Diagram of the peak systolic strain analysis of the left ventricular myocardium in a healthy volunteer by HDA software. The colored tissue-tracking maps from radial (a), circumferential (b), and longitudinal (c) strain analyses are shown on the left. The longitudinal (d), circumferential (e), and radial (f) strain values in a 16-segment model are displayed in the middle. The longitudinal (g), circumferential (h), and radial (i) strain–time curves in a cardiac cycle are shown on the right
Repeatability analysis
To determine the reproducibility of myocardial native T1 and T2 value and strain measurements, 15 individuals were randomly selected for repeatability analysis. The analysis was performed independently by two experienced radiologists, with one observer measuring the values again 2 weeks later. The measured data were used for consistency evaluations within and between observers. The mean values between the observers were taken as the results.
Statistical analysis
Statistical analyses of all data were carried out using SPSS software (SPSS 21.0 for Windows, IBM, Chicago, IL, USA). For all continuous data, the normality of the distribution was assessed using the Kolmogorov–Smirnov test. Normally and nonnormally distributed data and categorical variables are expressed as the means ± standard deviations, medians (interquartile ranges) and frequencies (percentages), respectively. The independent-sample Student’s t test was used to compare two groups of normally distributed variables, and the chi-square test was used to compare categorical variables. Normally distributed variables were analyzed by Pearson’s correlation, and nonnormally distributed data were analyzed by the Spearman correlation (log-transformed BNP levels and PTH). Multiple linear regression analyses were performed to identify determinants of myocardial native T1/T2 values and GLS in patients with HD. All candidate variables (p < 0.10 in univariable linear regression and without collinearity) were entered into a multiple stepwise regression model. Clinical characteristics and CMRI findings were compared among groups A, B and C by one-way ANOVA. A p value < 0.05 (two-tailed) was considered statistically significant.
Results
Clinical characteristics of the study population
A total of 71 subjects were enrolled: 43 HD patients and 28 healthy volunteers. The baseline demographic characteristics of the HD patients and the prescribed medications used in this group are shown in Table 1. The controls had no cardiovascular or systemic diseases and a normal electrocardiogram. The controls were not treated for hypertension or hypercholesterolemia and were not taking regular medications.
Mass, volume and function of the left ventricle
Compared with those in the controls, the LAVI, LVMI, EDV and ESV were significantly increased (LAVI: 42 ± 21 vs. 36 ± 13, p = 0.009; LVMI: 100 ± 33 vs. 58 ± 10 g/m2, p < 0.001; EDV: 76 ± 25 vs. 54 ± 10 mL/m2, p < 0.001; ESV: 33 ± 20 vs. 20 ± 7 mL/m2, p < 0.001) in the HD patients.

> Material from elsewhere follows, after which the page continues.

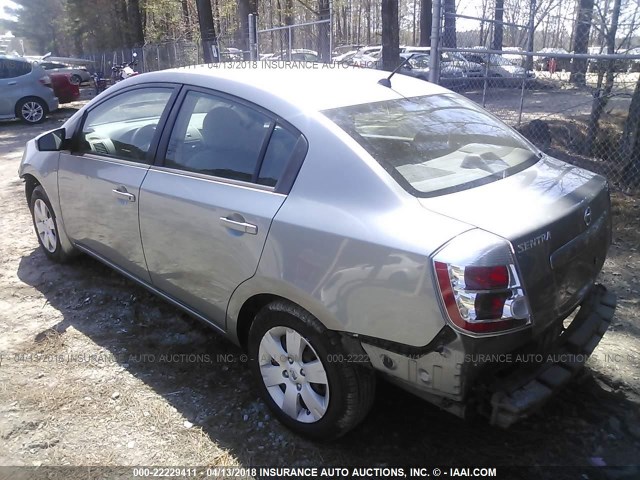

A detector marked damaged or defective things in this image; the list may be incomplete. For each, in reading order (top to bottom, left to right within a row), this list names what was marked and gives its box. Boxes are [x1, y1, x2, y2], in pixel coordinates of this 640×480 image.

damaged rear bumper [488, 284, 616, 426]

However, no significant difference in the LVEF was found between the two groups (61 ± 8 vs. 68 ± 10%, p = 0.766). The lg BNP levels were significantly associated with the LAVI (r = 0.536, p = 0.012).

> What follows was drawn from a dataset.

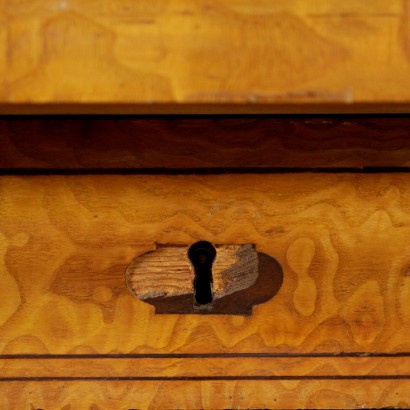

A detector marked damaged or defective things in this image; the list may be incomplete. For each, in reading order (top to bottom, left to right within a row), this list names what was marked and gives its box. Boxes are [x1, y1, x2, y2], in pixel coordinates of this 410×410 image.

damaged veneer patch [126, 242, 284, 316]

Native T1 and T2 values and strain
The global native T1 and T2 values were significantly higher in the HD patients than in the controls (native T1: 1056 ± 32 ms vs. 1006 ± 25 ms, p < 0.001; T2: 50 ± 3 ms vs. 46 ± 2 ms, p < 0.001) (Table 2) (Fig. 3a, b). Furthermore, we found that the native T1 values and T2 values of 16 segments of the left ventricle in the HD patients were higher than those in the healthy controls (Fig. 4a, b). The native T1 and T2 values showed no significant differences between the septal and nonseptal regions in the HD patients or in the controls (native T1: 1066 ± 38 ms vs. 1052 ± 31 ms, p = 0.062; T2: 50 ± 3 ms vs. 50 ± 3 ms, p = 0.269) (Table 2). The mean peak GCS and GLS were both significantly reduced in the HD patients compared with the controls (GCS: − 13 ± 3 vs. − 16 ± 3, p < 0.001; GLC: − 12 ± 4 vs. − 15 ± 3, p = 0.001) (Fig. 3c, d). No difference in GRS was found between the HD and control groups (39 ± 12 vs. 43 ± 10, p = 0.126) (Table 2).
Comparison of the mean native myocardial T1 (a) and T2 (b) values, peak global circumferential strain (c) and peak global longitudinal strain (d) between healthy controls and hemodialysis (HD) patients
Comparison of the native T1 values (a) and T2 values (b) of 16 segments of the left ventricular myocardium in hemodialysis (HD) patients and healthy controls, *p < 0.05
After adjustment for heart rate (HR), the native T1 and T2 values and peak GCS and GLS were still significantly different between the two groups (Tables 3, 4).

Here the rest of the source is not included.